Consequences of According Legal Stature to MSP

  • A policy paper by NITI Aayog’s agricultural economist Ramesh Chand argues that price level that is not supported by demand and supply cannot be sustained through legal means.
  • The paper noted that segments like horticulture, milk and fishery (where market intervention is nil or very little) showed 4-10% annual growth whereas the growth rate in cereals, where MSP and other interventions are quite high, remained at 1.1% after 2011-12.
  • Higher procurement cost would mean increase in prices of food grains, leading to inflation, which would eventually affect the poor.
  • There also lies practical difficulties in getting the private sector on board for buying at legally guaranteed MSP.
  • The paper cited the example of sugarcane – where the support price (Fair and Remunerative Price (FRP)) is the statutory minimum price – and pointed out the accumulation of crores in arrears as private sugar mills could not find FRP for sugarcane matching with sugar prices.
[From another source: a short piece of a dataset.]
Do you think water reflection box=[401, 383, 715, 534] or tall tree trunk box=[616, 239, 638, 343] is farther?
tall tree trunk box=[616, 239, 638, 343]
  • Provide Direct Income Support:
    • MSP is a short-term solution. It is not a sustainable solution for all of Indian agriculture.
    • Instead of arbitrarily fixing prices of goods in the market, the more effective way might be to provide direct income support to those who are poor — regardless of whether they are farmers or not.
  • Investment Boost to Infrastructure:
    • Better irrigation facilities, easier access to credit, timely access to power, creating lots of warehouses, and ramping up of extension services including post-harvest marketing.
    • It is when such facilities are provided — either free or at an accessible price point — that the Indian farmer would become less vulnerable.
  • Eliminate Disguised Unemployment in Agriculture sector:
    • The solution to the economic distress of Indian farmers lies outside agriculture. It lies in boosting India’s industrial and services sectors.
    • These are the two sectors that can absorb the excess labour that is engaged at present in extremely unremunerative farm activities and provide them with well-paying jobs.
    • It is only when industries and services sectors grow rapidly for the next couple of decades that India’s farm distress will get alleviated.

News Summary

  • The fourth meeting between Union Ministers and farmer representatives to deliberate on their demands, including a legal guarantee for minimum support price on crops, remained inconclusive.
  • However, the meeting moved in a ‘positive’ direction as the government proposed to give a guarantee on procuring of five crops on Minimum Support Price (MSP).
  • A proposal was discussed in which the government agencies like NCCF and NAFED will get into a contract and buy produce pulses - arhar, tur and urad, and corn from the farmers on MSP.
    • There will be no limit on the quantity.
  • Similarly, the government proposed that the Cotton Corporation of India will enter 5-year agreement with farmers to buy cotton crops at MSP.
  • However, the protesting farmers have rejected the above mentioned proposals & demanded a legally guaranteed MSP for all crops across the country.

Q1) What is the role of the Commission for Agricultural Costs and Prices?

The Commission for Agricultural Costs and Prices (CACP), set up in 1965, is a decentralized agency of the Government of India (GoI). It is an expert body that recommends the Minimum Support Prices (MSPs) by taking into consideration various factors.

Q2) What is M S Swaminathan famous for?

M S Swaminathan is known as "Indian Father of Green Revolution" for his leadership and success in introducing and further developing high-yielding varieties of wheat in India.